Supplied records:
•••
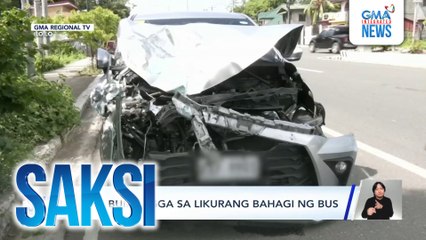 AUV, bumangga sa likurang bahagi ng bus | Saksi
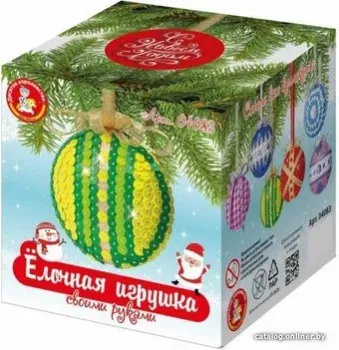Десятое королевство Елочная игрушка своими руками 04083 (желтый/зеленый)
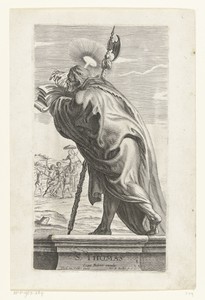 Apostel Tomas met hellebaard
•••
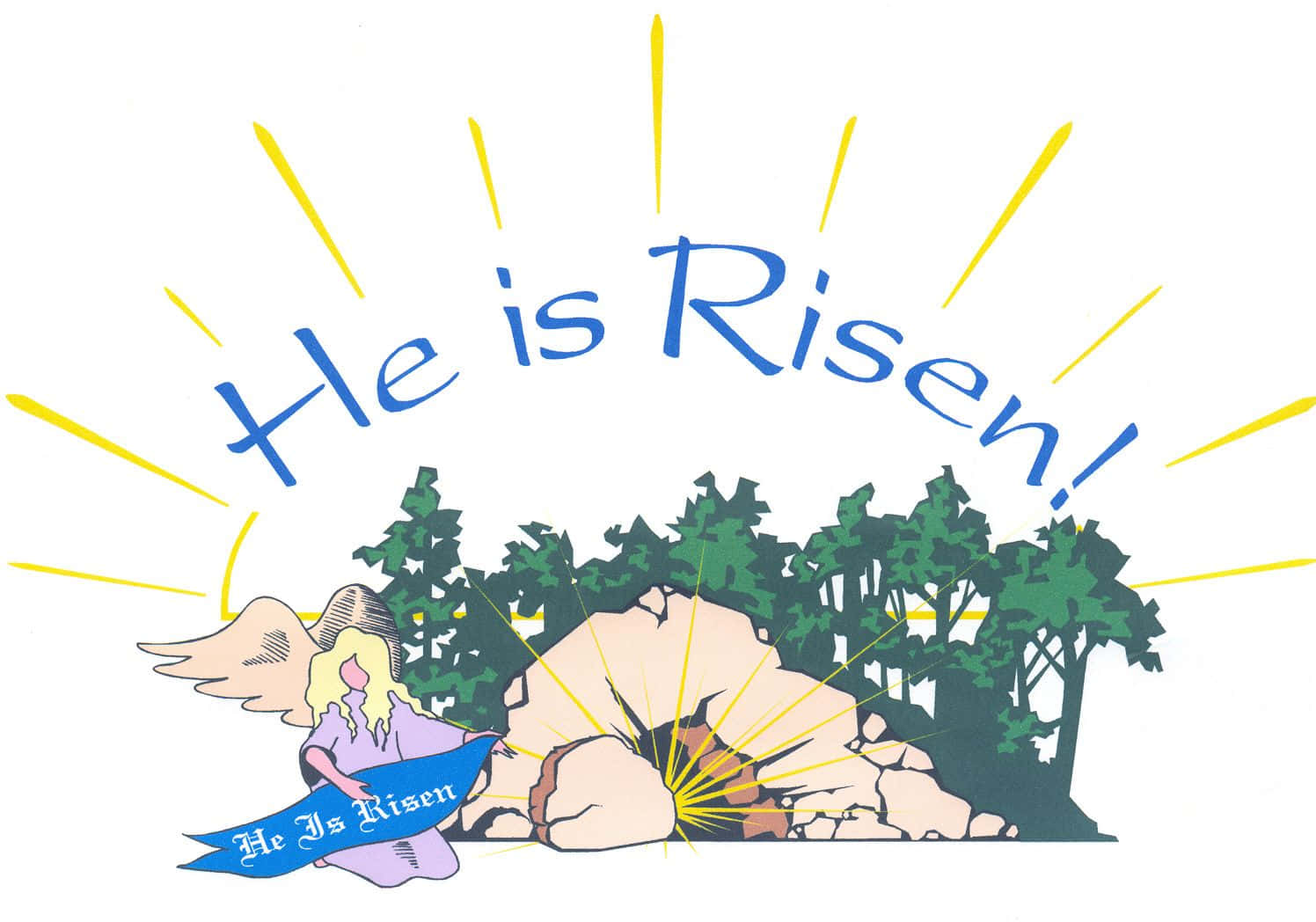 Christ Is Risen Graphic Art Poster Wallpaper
•••
What the exercise asks: Take the material above from the line containing "AUV, bumangga sa" up to and including the line containing "Apostel Tomas met hellebaard" and retype it exactly, without any pictures.

Solution for this problem:
 AUV, bumangga sa likurang bahagi ng bus | Saksi
Десятое королевство Елочная игрушка своими руками 04083 (желтый/зеленый)
 Apostel Tomas met hellebaard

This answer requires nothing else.